Il lago in lontananza brilla prepotente, avvolto dall’aria pulita dell’Alto Vergante. Dalle finestre della cucina di Roberta Lucchini si gode di una vista che mette quasi in soggezione. Col fare sicuro dell’ospite, Roberta porta in tavola tre tazze di tè fumante, un piatto di biscotti e una ciotolina con lo zucchero in cristalli che non avevo mai visto altrove. Abbiamo un paio di ore, prima che scenda di sotto al pianterreno per aprire il negozio di famiglia. “Alcuni clienti abituali vengono puntuali e se ritardo di un minuto me lo fanno notare”, dice ridendo.
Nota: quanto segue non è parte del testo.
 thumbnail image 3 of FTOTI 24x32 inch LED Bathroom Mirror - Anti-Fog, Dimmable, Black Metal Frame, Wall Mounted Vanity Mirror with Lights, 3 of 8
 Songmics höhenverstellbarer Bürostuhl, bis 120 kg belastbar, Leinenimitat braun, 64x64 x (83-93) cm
A Massino Visconti, paesino in collina sulla sponda piemontese del Lago Maggiore, il suo alimentari è rimasto l’unico a disposizione delle 500 famiglie che ancora ci vivono. “Con il lockdown tutto sommato abbiamo lavorato perché quelli di qui non si spingevano altrove per via delle restrizioni. Però pensa che negli anni ottanta eravamo in sette e di lavoro ce n’era per tutti. Nella stagione turistica gli abitanti di Massino triplicavano. Ora ci sono solo io, se ce la faccio terrò aperto ancora qualche annetto”.
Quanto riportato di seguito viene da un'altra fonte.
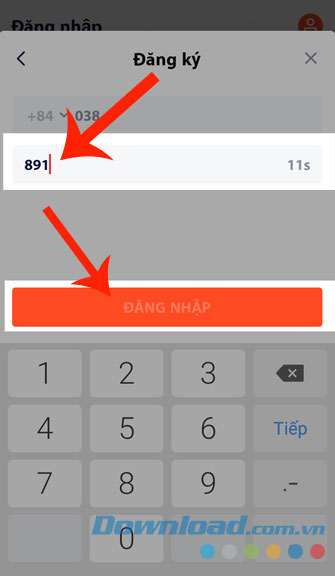 Nhập Mã xác minh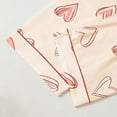 thumbnail image 6 of HOWPAY Valentines Pajamas for Women Set Heart Graphic Button down Long Sleeve Shirts and Loose Pants Sleepwear Soft Comfy 2 Piece Pj Sets Pink XL, 6 of 9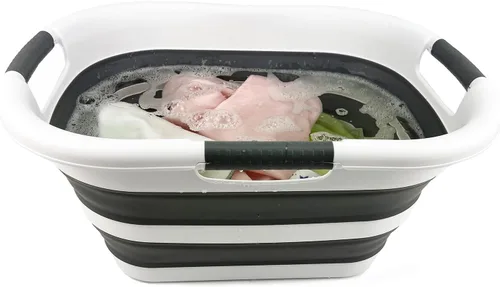 Miniatura 4 de SAMMART Cesta plegable de plástico para lavandería de 30 litros (7.9 galones) - Contenedor/organizador de almacenamiento plegable - Cesto portátil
Roberta da ragazza immaginava una vita avventurosa, voleva andare in Africa, vedere il mondo. Invece è rimasta sempre a Massino, dove si è innamorata, è rimasta incinta e ha preso servizio nell’attività dei suoi genitori. “Da giovani con mio marito prendemmo in gestione un bar e andava molto bene. Il nostro sogno era di venderlo e trasferirci alle Canarie per vivere e lavorare lì. Ma quando nostra figlia doveva iniziare le scuole, non ce la siamo sentita di fare questo passo. Così abbiamo preso un appartamentino vicino al negozio e ci siamo fermati qui. Tornassimo indietro partirei subito”.

In quegli stessi anni, in Costa d’Avorio, un padre sta registrando all’anagrafe la nascita di suo figlio Inza, ma l’impiegato non capisce bene la pronuncia dell’uomo e scrive Inssa sul registro della prefettura. Questo bambino dal nome sbagliato cresce in un villaggio rurale nella prefettura di Diarna, a nord del Paese. I genitori lavorano nei campi di cotone e di mais alle dipendenze di suo zio, fratello del padre e capo famiglia: da lui tutto dipende, a lui tutto è dovuto. A sette anni Inssa comincia a lavorare in campagna con la famiglia, per lui la scuola non è contemplata. Nel suo futuro c’è un matrimonio combinato e una vita a spaccarsi la schiena per lo zio, in cambio di cibo e di una casetta messa in piedi alla bell’e meglio. Quando muoiono i suoi genitori Inssa non ha più nessun motivo per rimanere e scappa dal suo villaggio.

Insieme agli altri cinquanta paesi adagiati sulle pendici del Mottarone, montagna granitica delle Alpi Pennine, anche Massino Visconti fa parte della patria dei Lusciàt, una parola che in realtà non significa niente, né in italiano né nel dialetto locale. È un termine inventato e fa parte del gergo Tarusc, una specie di lingua segreta inventata dagli ombrellai ambulanti che dal Settecento partivano da queste terre per riparare gli ombrelli altrui, di città in città. Lusciàt significa appunto ombrellaio, perché la luscia, in questo idioma segreto, è la pioggia. In qualche biblioteca del Vergante è possibile recuperare un dizionaretto etimologico del Tarusc. All’ingresso del paese alcuni murales ricordano i fasti di questi professionisti dell’ombrello, il cui viaggio iniziava il giorno di Capodanno e durava parecchi mesi, nei quali mangiavano l’indispensabile per non morire, si accampavano in vecchi fienili e cercavano di risparmiare il più possibile per le proprie famiglie. I più avventurosi tentavano la sorte spingendosi all’estero e giungono notizie di lusciàt che hanno fatto fortuna a New York e a Sidney, ma pure a Torino.